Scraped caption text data
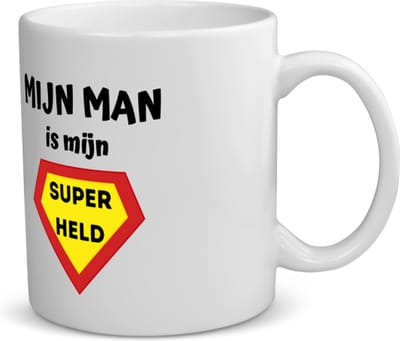 Akyol - mijn man is mijn superheld koffiemok - theemok - Vriend/vriendin - super man - valentijnsdag - verjaardag - cadeautje voor vriendje - kado - geschenk - 350 ML inhoud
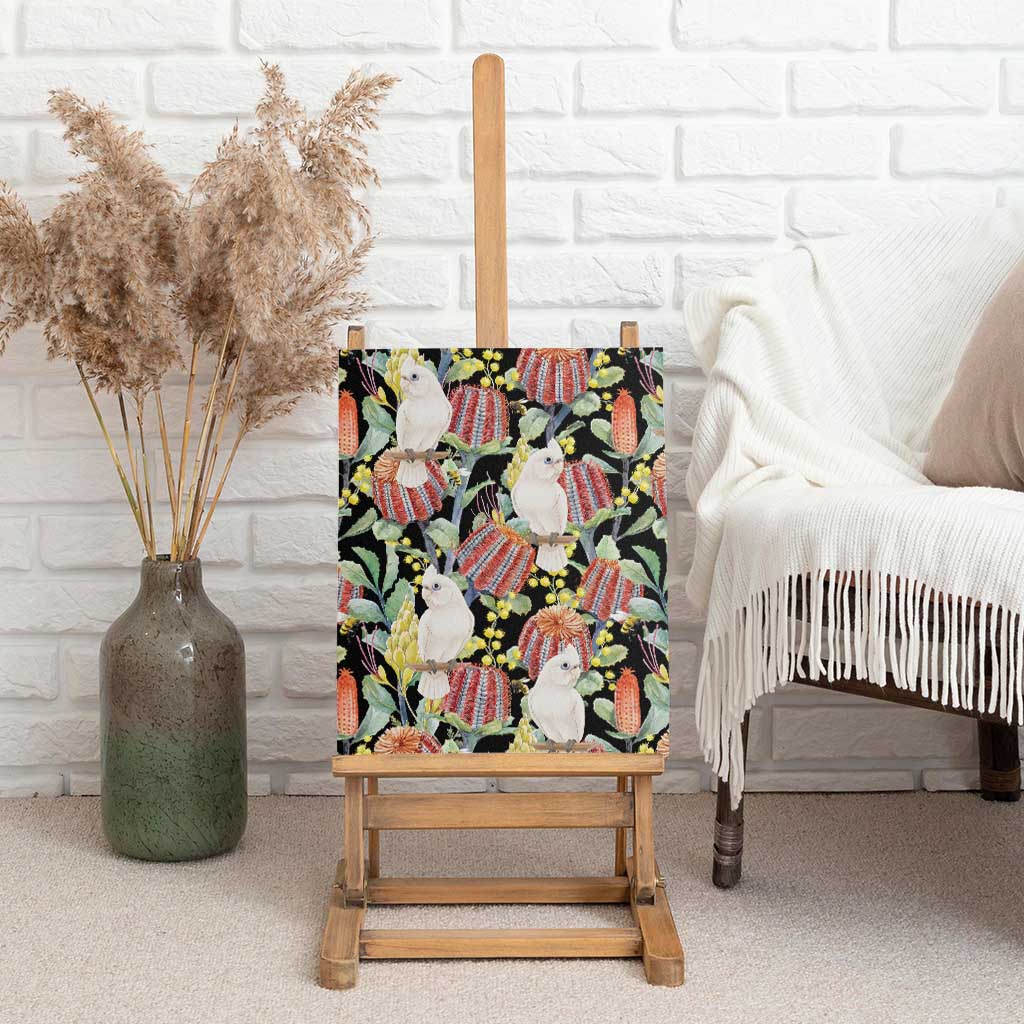 Little Corella Australia Cockatoo Canvas Wall Art Cacatua Sanguinea Banksia Seamless Black - Aussie Hoodie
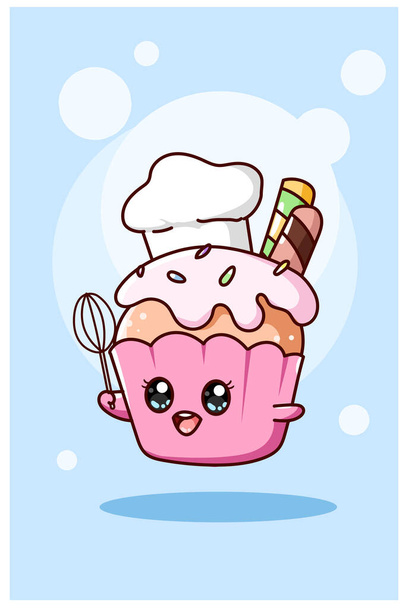 Cute and sweet cupcake as chef cartoon illustration - Vektör, Görsel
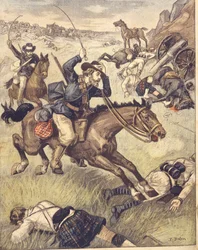 Comando bóer atacando una patrulla británica durante las guerras anglo-zulú y anglo-bóer de 1850-1902, ilustración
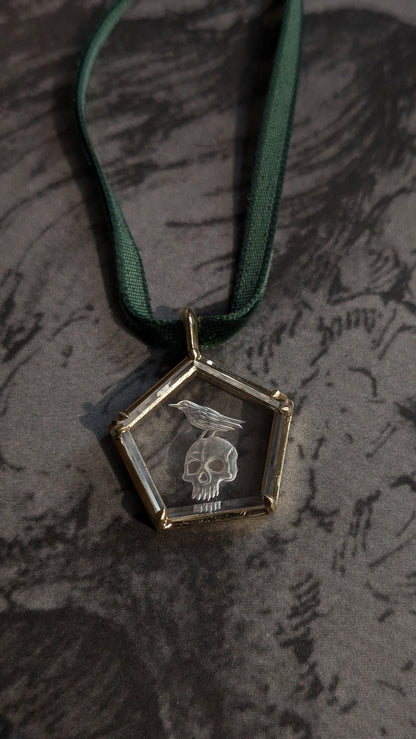 Raven Skull Intaglio Yellow Gold Pendant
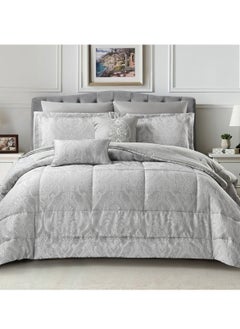 Buy Bedding Comforter Set 5-Pcs Single Size Solid Jacquard Embroidery Bed Set FIts (170X230 CM) With 350GSM Poly Silk FIlling, Grey in Saudi Arabia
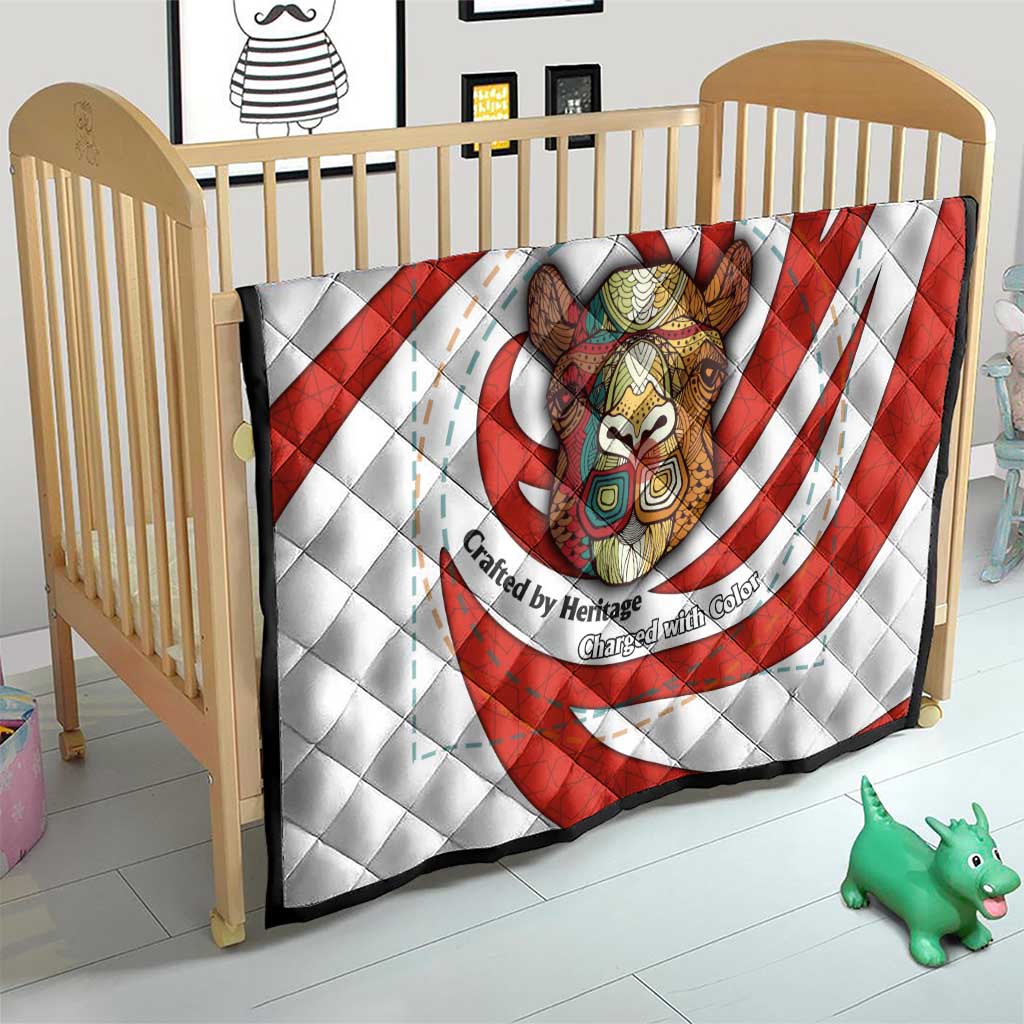 Bahrain Tribal Camel Quilt with Red Mosaic Swirl and Heritage Slogan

What is being asked
Between and including the line with "Cute and sweet" and the line with "Raven Skull Intaglio Yellow Gold Pendant", repeat every line exactly as it appears above, with pictures left out.

Task result
 Cute and sweet cupcake as chef cartoon illustration - Vektör, Görsel
 Comando bóer atacando una patrulla británica durante las guerras anglo-zulú y anglo-bóer de 1850-1902, ilustración
 Raven Skull Intaglio Yellow Gold Pendant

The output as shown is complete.